Olhar um livro por dentro

“O livro é para comer, é para saborear”. É a ideia geral transmitida por alguém que tem cerca de 12 000 livros na sua biblioteca pessoal, Fernando Lopes, professor há 34 anos na Escola Superior de Educação de Viseu na área científica de Português.

Por Carla Ferreira, Inês Figueiredo, João Pedro Micaela

A propósito do Dia Mundial do Livro que se comemora hoje, dia 23 de abril, fomos ouvir um dos maiores apaixonados por livros, um “amante de livros” como o próprio gosta de se autointitular. “O livro é uma coisa muito preciosa, ler faz muito bem, limpa a alma. É um objeto de prazer, de arte, para além do próprio pragmatismo inerente. É um objeto mágico e polivalente”, sublinha Fernando Lopes.

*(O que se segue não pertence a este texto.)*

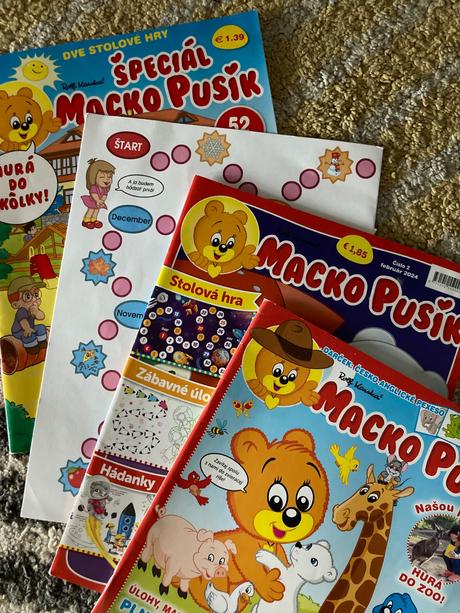 Macko pusík časopis, 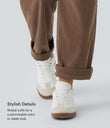 Mid Rise Zipper Pocket Corduroy Casual Pants - Acorn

O professor sugere que temos de olhar para dentro do livro, olhar para as suas fibras como se de um coração se tratasse e senti-lo, sentir o seu pulsar, entrando na vida do livro. “É um pulsar, que também dá uma pulsão erótica, ou seja, uma relação quase erótica, amorosa entre o leitor e o texto e esse prazer, esse êxtase tem de acontecer naturalmente porque é o prazer que nós temos de vermos ali no livro o mundo alternativo, que o mundo empírico não nos dá”, acrescenta.

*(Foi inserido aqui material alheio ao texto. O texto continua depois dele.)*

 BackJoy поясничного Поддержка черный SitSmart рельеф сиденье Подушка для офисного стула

Fernando Lopes raramente passa um dia sem ler, pelo menos, 2 horas. Se não o fizer não se sente bem e chega a afirmar que “parece que nem tomei banho nesse dia”. No entanto, como apaixonado assumido que é, de vez em quando, gosta de ler um bom romance durante 6 a 8 horas. 

Confessa que gasta quantias significativas em livros e alfarrabistas, o seu “bom vício é uma das prioridades na vida” como o próprio afirma, a prenda ideal. Não gosta de e-books, apesar de fazer algumas leituras no digital, gosta de sentir o livro, gosta de cheirá-lo, tocá-lo, palpá-lo, e ao mesmo tempo sublinhá-lo com um lápis que tem sempre por perto.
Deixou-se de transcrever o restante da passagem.